"Ay, five minutes," answered Mr. Radford, who saw, from the wild look of her beautiful eyes, and the ashy paleness of her cheek and lips, how powerfully he had worked upon her--"five minutes, no longer;" and he laid his watch upon the table. Then, turning somewhat ostentatiously to a small fixed writing-desk, which stood near, he took up a stick of sealing-wax, and laid it down beside the letter he had written, as if determined not to lose a moment beyond the period he had named.
Edith gazed upon the paper for an instant, agitated and trembling through her whole frame; but her eye fell upon the name of Richard Radford. His image rose up before her, recalling all the horror that she felt whenever he was in her presence; then came the thought of Leyton, and of her vows to him yet uncancelled. "Richard Radford!" she said to herself--"Richard Radford!--marry him--vow that I will love him--call God to witness, when I know I shall abhor him more and more--when I love another? I cannot do it--I will not do it!" and she pushed the paper from her, saying, aloud, "No, I will not sign it!"
"Very well," said Mr. Radford--"very well. Your parent's blood be upon your head;" and he proceeded to fold up slowly the deposition he had shown her, in the letter he had written. But he stopped in the midst; and then, abandoning the calm, low tone, and stern but quiet demeanour which he had lately used, he started up, striking the table violently with his hand, and exclaiming, in a loud and angry tone, "Wretched, miserable girl, dare you bring upon your head the guilt of parricide? What was the curse of Cain to that? How will you bear the day of your father's trial--ay, how bear the day of his death--the lingering agony of his imprisonment--the public shame of the court of justice--the agony of the gallows and the cord?--the proud Sir Robert Croyland become the gaze of hooting boys, the spectacle of the rude multitude, expiring, through his daughter's fault, by the hand of the common hangman!
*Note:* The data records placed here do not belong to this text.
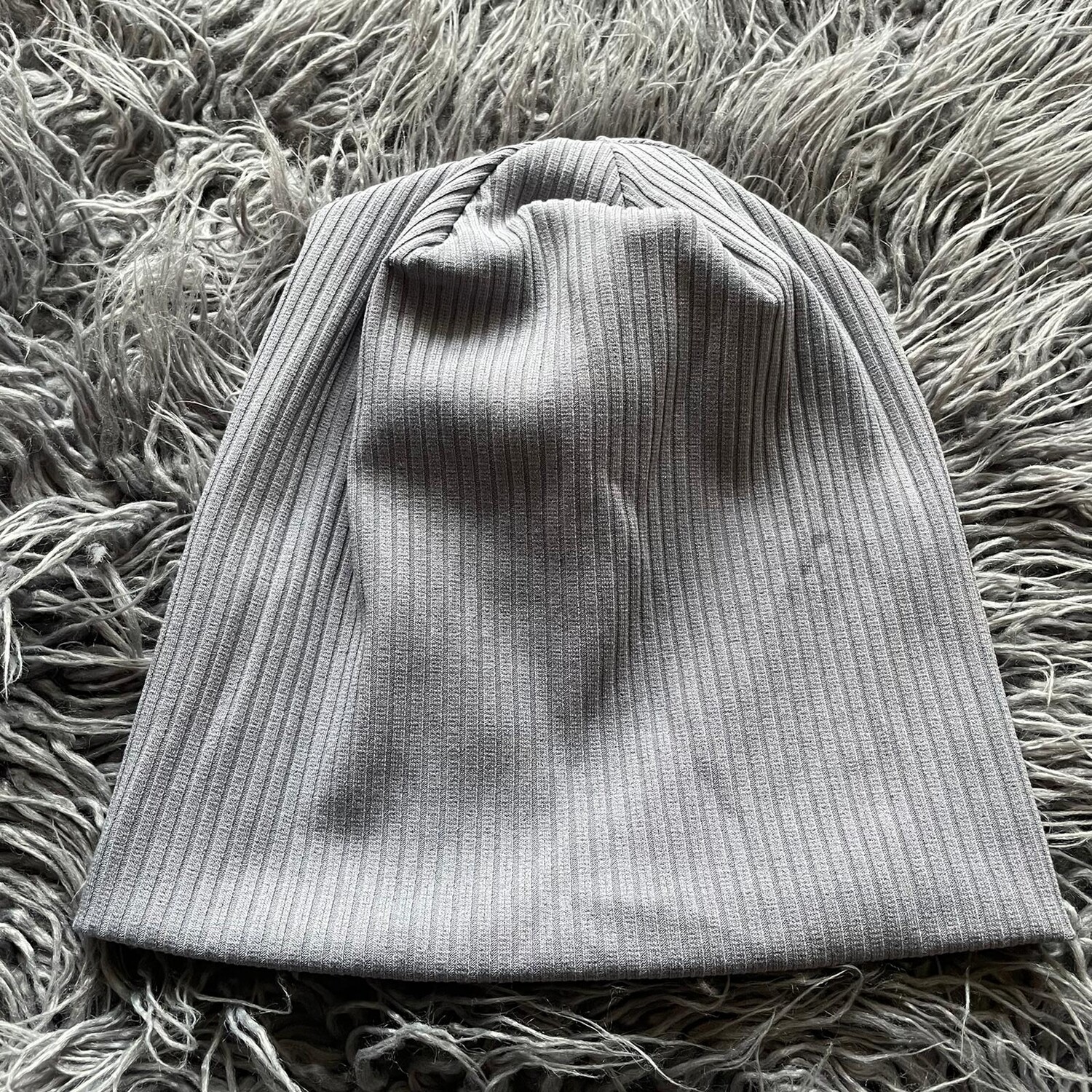 Light grayish blue beanie - thick ribs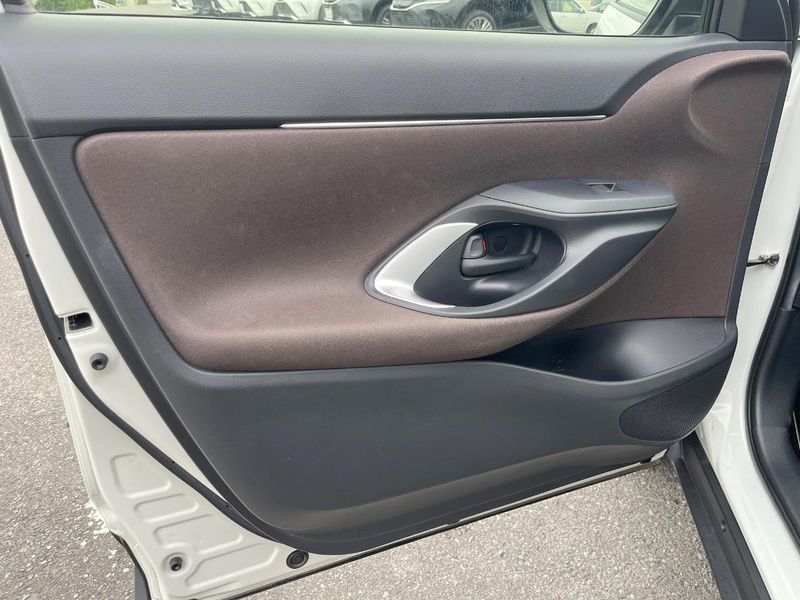 2021 Toyota Yaris Cross 6AA-MXPJ10 (UW-6aa220ddc29e4)[20]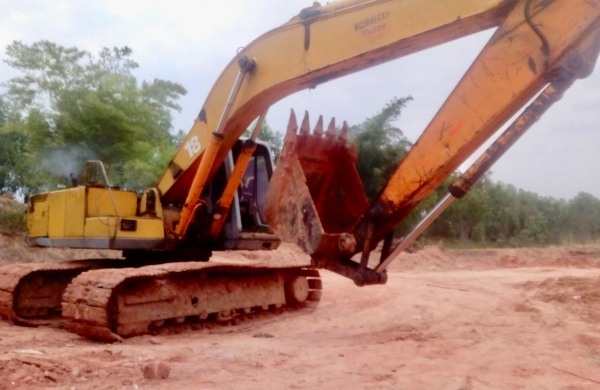 KOBELCO MARK 2 SK 200 ตัวเดินใหญ่ เครื่องเดิมปั๊มพ์เดิม K3V ทำงานเร็ว ช่วงล่างแน่นดี โซ่บูทใบแทรกสภาพดีพร้อมใช้งานได้เลยครับ เอกสารซื้อขาย ราคาต่อรองได้ครับ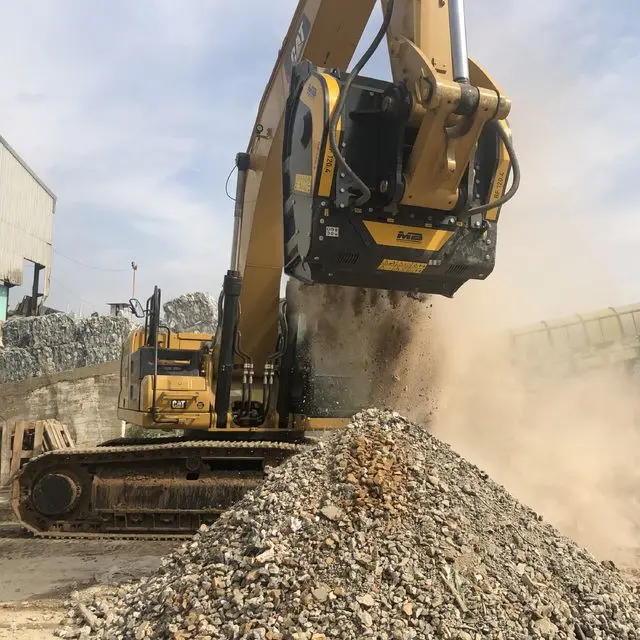 Mb Crushers Bucket Crusher | Model Bf120.4 S4 | Mouth Opening Width 47" | Machine Size 30-45 Tons | For Excavators 1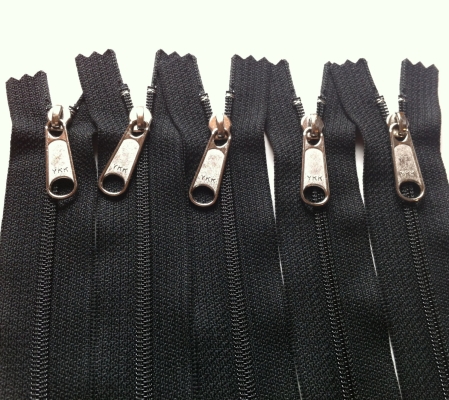 赤峰閉口拉鏈廠家電話號碼查詢-第1張圖片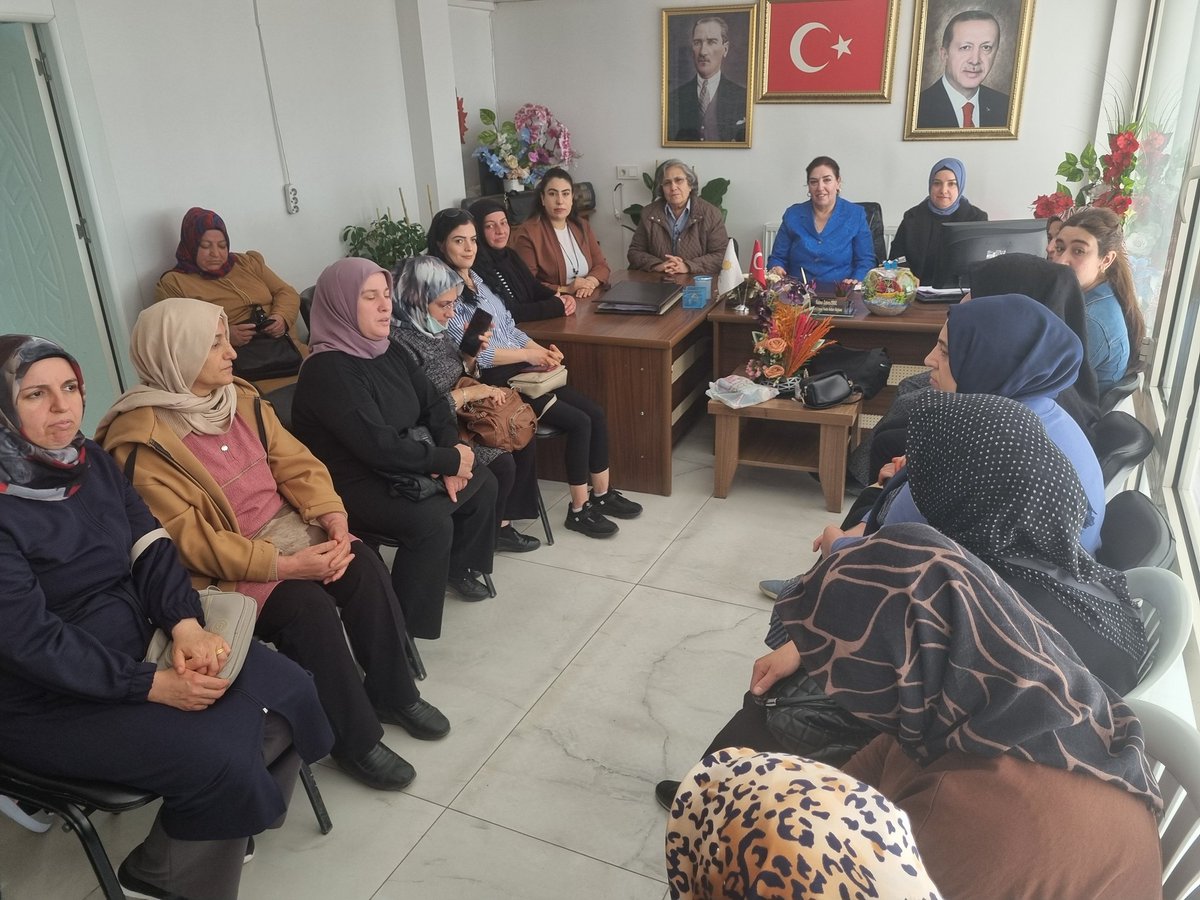 Bayram Sonrası Haftalık Kadın Kolları Yürütme ve Yönetim Kurulu istisare Toplantımızı yaptık.

Rabbım hayırlara vesile kılsın inş.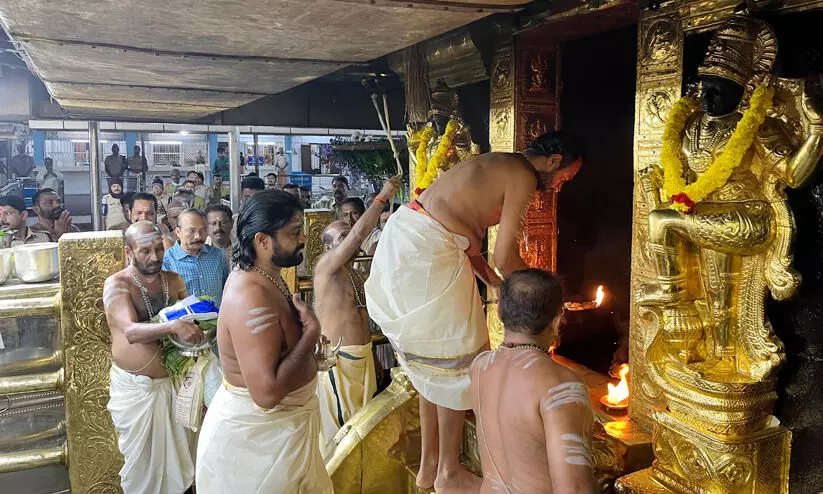 വൃശ്ചികപ്പുലരിയിൽ ഭക്തർക്ക്​ ദർശനപുണ്യം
Ay, think of it all, for in another minute it will be too late! Once gone from my hand, this paper can never be recalled."
Edith uttered a faint cry; but at the same moment a voice behind Mr. Radford said, "Nor can it, now!" and Sir Robert Croyland himself laid his hand upon the papers.
Mr. Radford turned round fiercely, and was darting forward to seize them from him; but he was held back by a more powerful arm; and the baronet went on, in a voice grave and sad, but firm and strong--"Sir Henry Leyton," he said, "I give these papers into your hands to do with exactly as you may think right, as a man of honour, a gentleman, and a respecter of the law. I ask not to hold them for one moment."
"Do not struggle, sir,--do not struggle!" cried Leyton, holding Mr. Radford fast by the collar--"you are a prisoner."
"A prisoner!" exclaimed Mr. Radford. "What! in my own house--a magistrate!"
"Anywhere, sir," answered Leyton; "and for the time, you are a magistrate no longer.--Ho! without there!--send some one in!"
Edith had sunk down in her seat; for she knew not whether to rejoice or grieve. The first feeling undoubtedly was joy; but the next was bitter apprehension for her father. At first she covered her eyes with her hands; for she thought to hear the terrible truth proclaimed aloud; but when she looked up, Sir Robert Croyland's face was so calm, so resolute, so unlike what it had ever appeared of late years, that fear gave way to surprise, and surprise began to verge into hope. As that bright flame arose again in her heart, she started up, and cast herself upon her father's bosom, murmuring, while the tears flowed rapidly from her eyes, "Are you safe--are you safe?"
"I know not, my dear child," replied Sir Robert Croyland; "but I am now doing my duty, and that gives me strength."